Exercise description
Copy word for word the lines of the records below, beginning at the one with "Information Age Publishing" and finishing at the one with "(UNCG Graduation: 2014)", ends included, but none of the pictures.

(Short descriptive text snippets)
+ + +

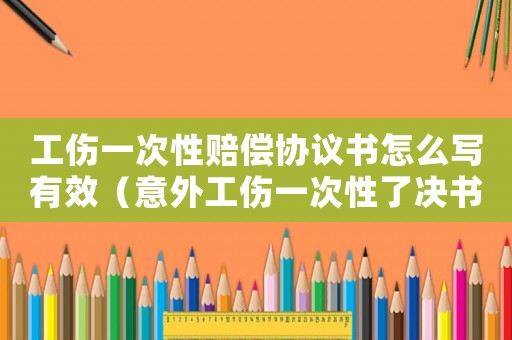 工傷一次性賠償協(xié)議書怎么寫有效（意外工傷一次性了決書范本）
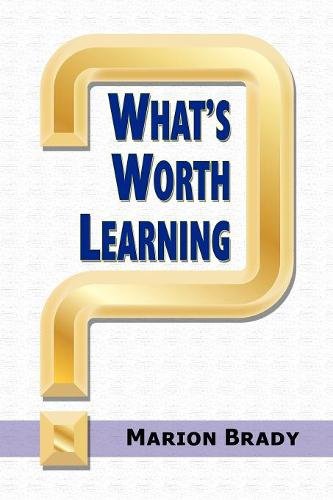 What`s Worth Learning? Brady Paperback Emerald – Information Age Publishing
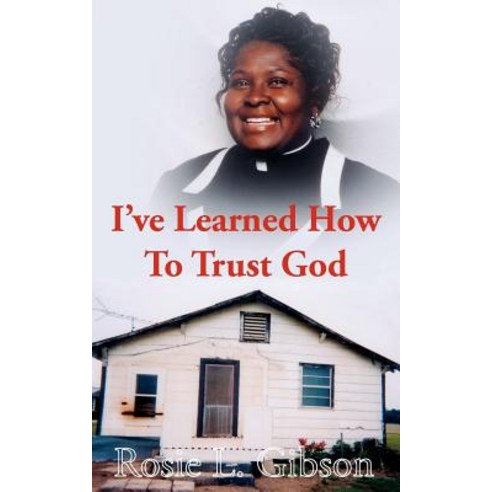 I''ve Learned How to Trust God Paperback, Authorhouse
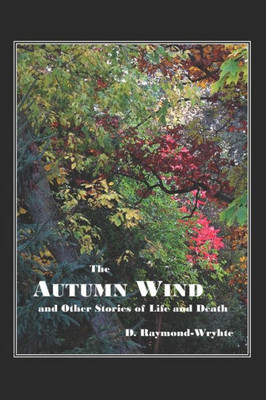 The Autumn Wind: And Other Stories Of Life And Death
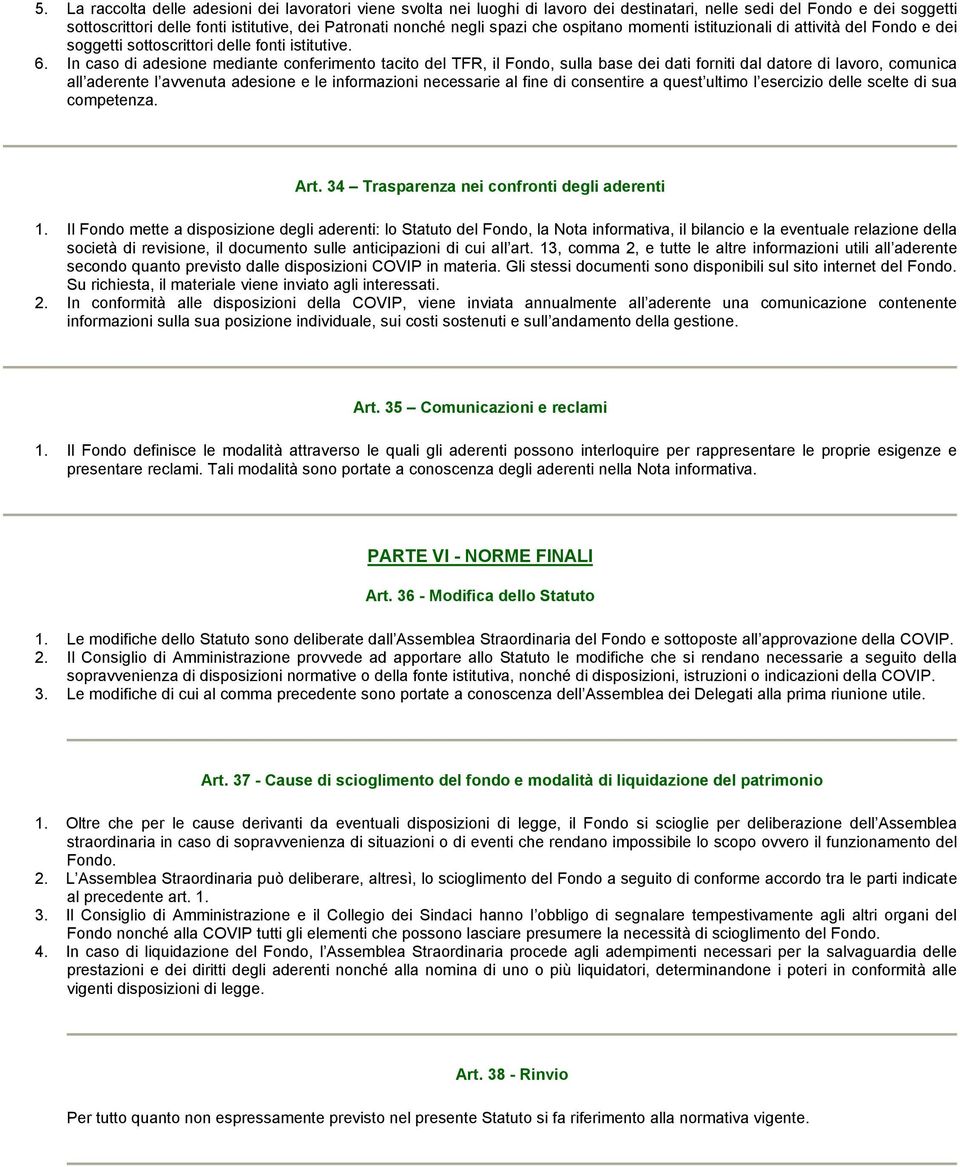 In caso di adesione mediante conferimento tacito del TFR, il Fondo, sulla base dei dati forniti dal datore di lavoro, comunica all aderente l avvenuta adesione e le informazioni necessarie al fine di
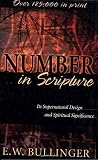 Bullinger, Ethetbert W.: Number in Scripture: Its Supernatural Design and Spiritual Significance Bullinger, Ethetbert W.: Number in Scripture: Its Supernatural Design and Spiritual Significance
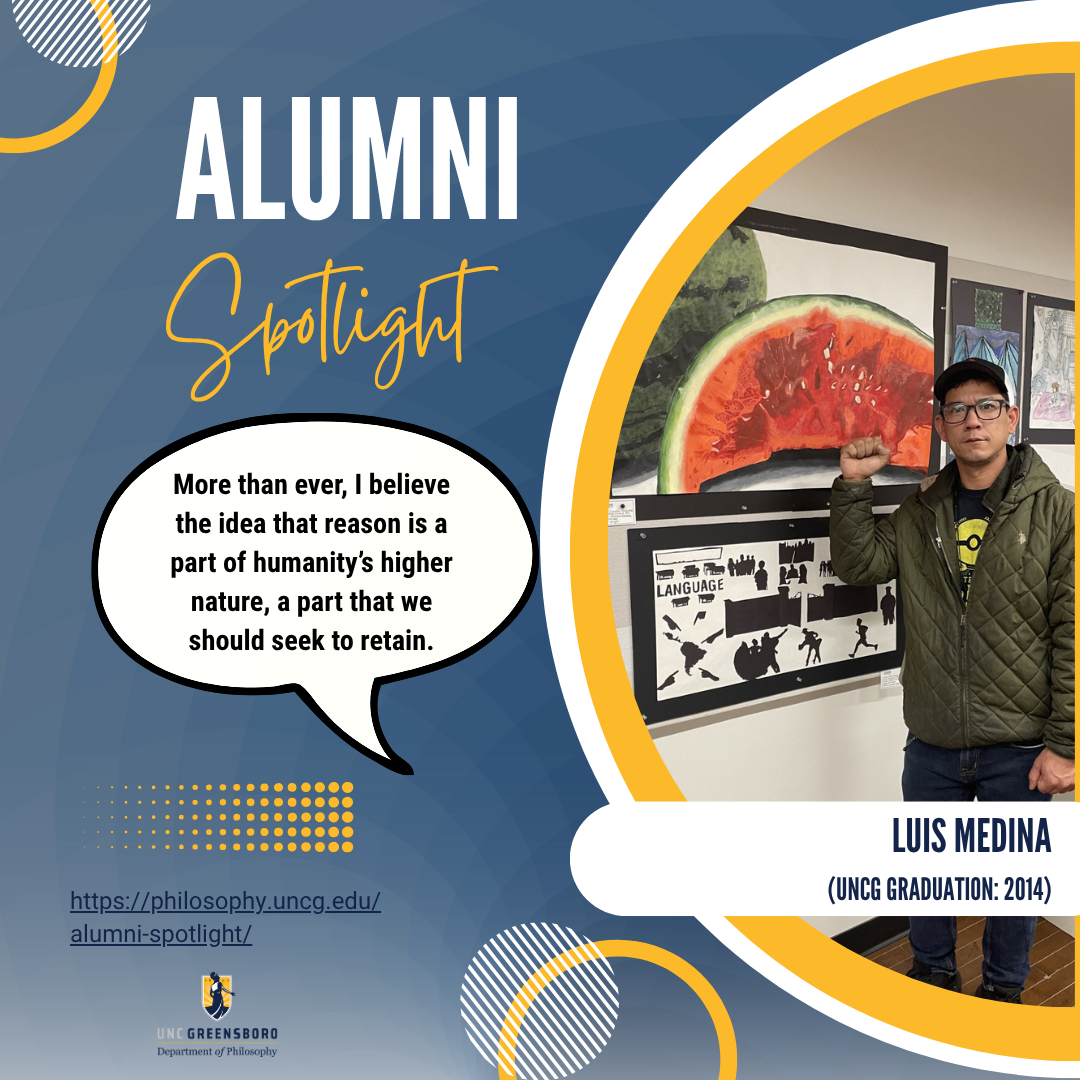 Luis Medina
(UNCG Graduation: 2014)
Quote: More than ever, I believe the idea that reason is a part of humanity’s higher nature, a part that we should seek to retain.
ttps://philosophy.uncg.edu/alumni-spotlight/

+ + +

Completed task
 What`s Worth Learning? Brady Paperback Emerald – Information Age Publishing
 I''ve Learned How to Trust God Paperback, Authorhouse
 The Autumn Wind: And Other Stories Of Life And Death
 In caso di adesione mediante conferimento tacito del TFR, il Fondo, sulla base dei dati forniti dal datore di lavoro, comunica all aderente l avvenuta adesione e le informazioni necessarie al fine di
 Bullinger, Ethetbert W.: Number in Scripture: Its Supernatural Design and Spiritual Significance Bullinger, Ethetbert W.: Number in Scripture: Its Supernatural Design and Spiritual Significance
 Luis Medina
(UNCG Graduation: 2014)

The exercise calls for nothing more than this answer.